The late July corn field on my left–not yet fully grown, but getting there–stood witness to the night like a regiment on parade formation. In the sky on my right reached the last shreds of pink dusk. and below that lay the cow pasture. A few distant bovine settled for the night, the silo towers in sentinel watch, the farm at rest. Ahead, the crest of the hill, the far distant horizon, the sky. Faint peach reflection in its highlights, the cloud bank faded to grey. Then it changed, flashing bright with lightning. Above all this hung the moon, high enough I had to tilt the head to encompass it in the picture. There it floated, suspended over the scene, serene–as if to say, “The world–that storm–rages, but it can’t touch me.”

The moon observed, and how safe, comforting, and sure it seemed. But the storm–oh, the storm!–how it raged. Lightning flickered in the clouds, erupting deep within. The storm was so distant I couldn’t hear the thunder, but I could see. Sheets of lighting would strobe, like some glorious beast stirring in the depths, like God was there. Then a striking bolt etched line from cloud to earth, dancing.

Perhaps most marvellous was how it all played out so silently. I saw the distant world pummelled, and not a breath of wind where I stood on the brow of the hill. Perhaps there is a picture here for how heaven’s host watches the show on earth. I wanted a chair and a porch on which to sit and watch.

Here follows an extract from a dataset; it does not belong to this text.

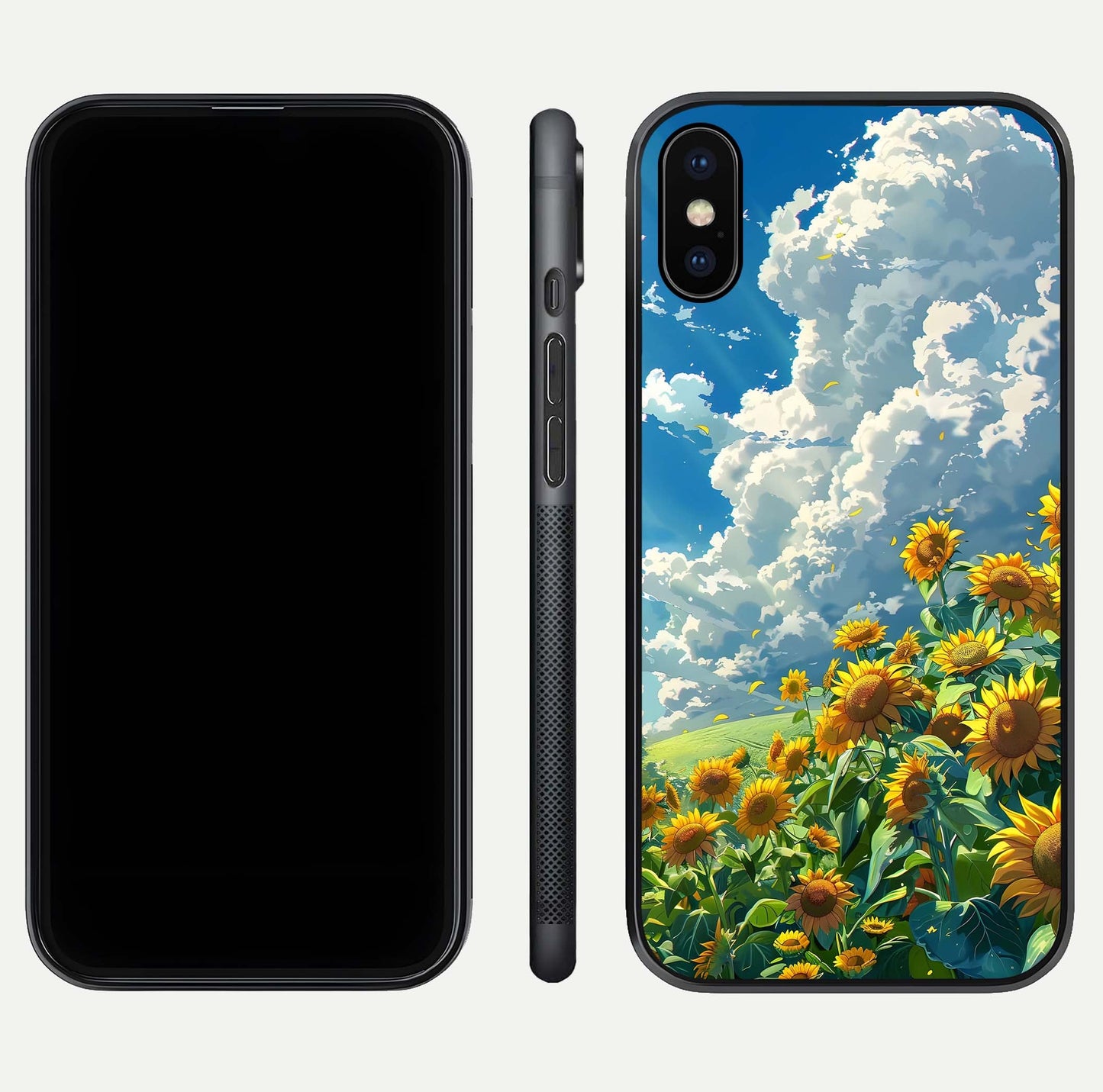 Golden Sun Glory Glass Case for iPhone X front and back view layout displaying bright golden tones and curved edges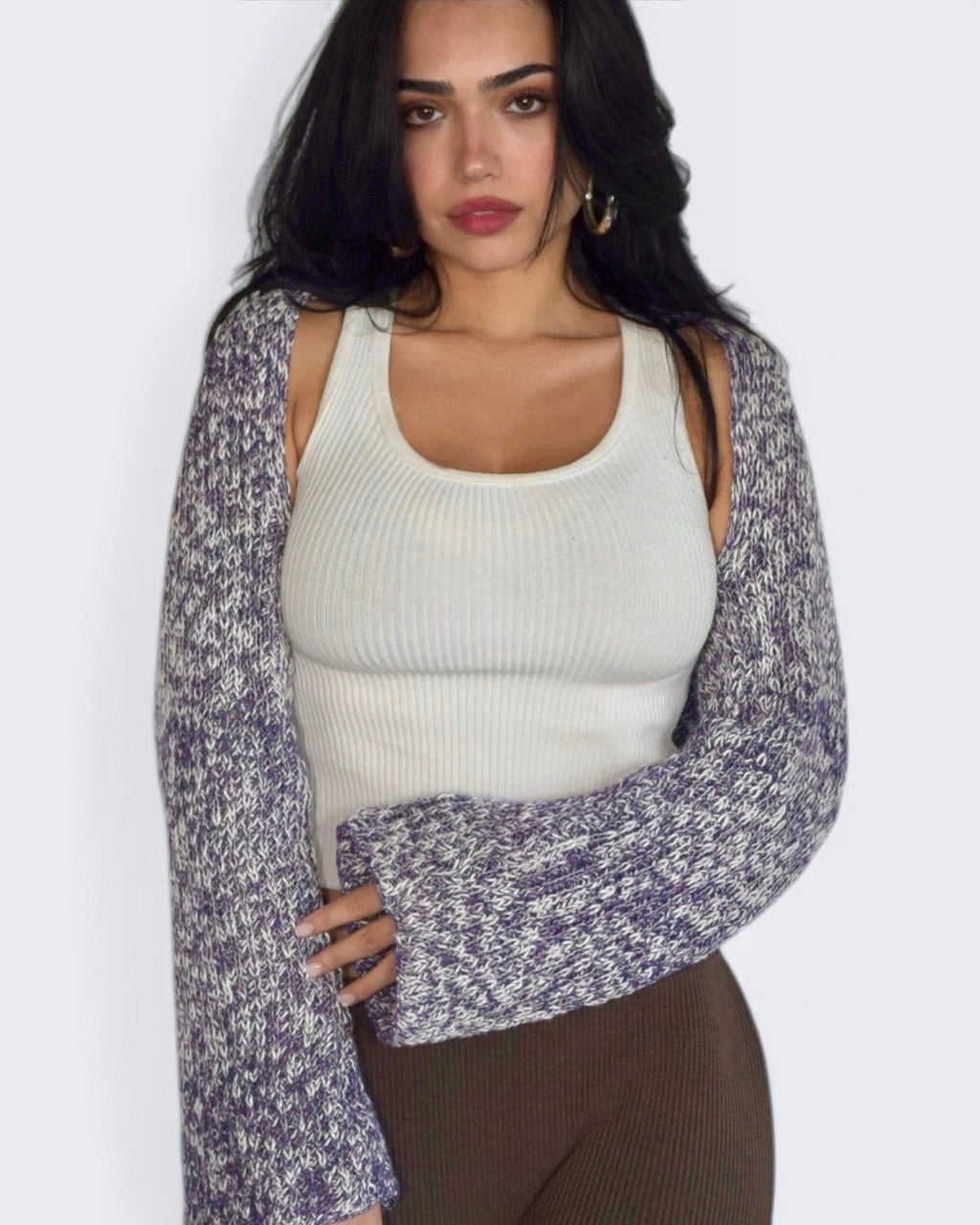 Woman wearing white scoop neck rib knit tank with purple mix shrug by The Knit House LA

I walked slowly, and stopped a bit to watch. From dawn to dusk, how much we miss between the span of  our horizons. We’re down here with our faces pressed against our screens, caught up in our own glowing visions, and He is up there putting on a show that we’re all ignoring. Our eyes strain from the looking and still we haven’t seen.

2 thoughts on “Lightning at Twilight

  1. Cynthia

    THIS resounded in my soul…as I sit staring at my glowing screen! But, yes, I pray that I will more regularly take note of the joyous show that God displays throughout his creation from the greatest to the smallest detail!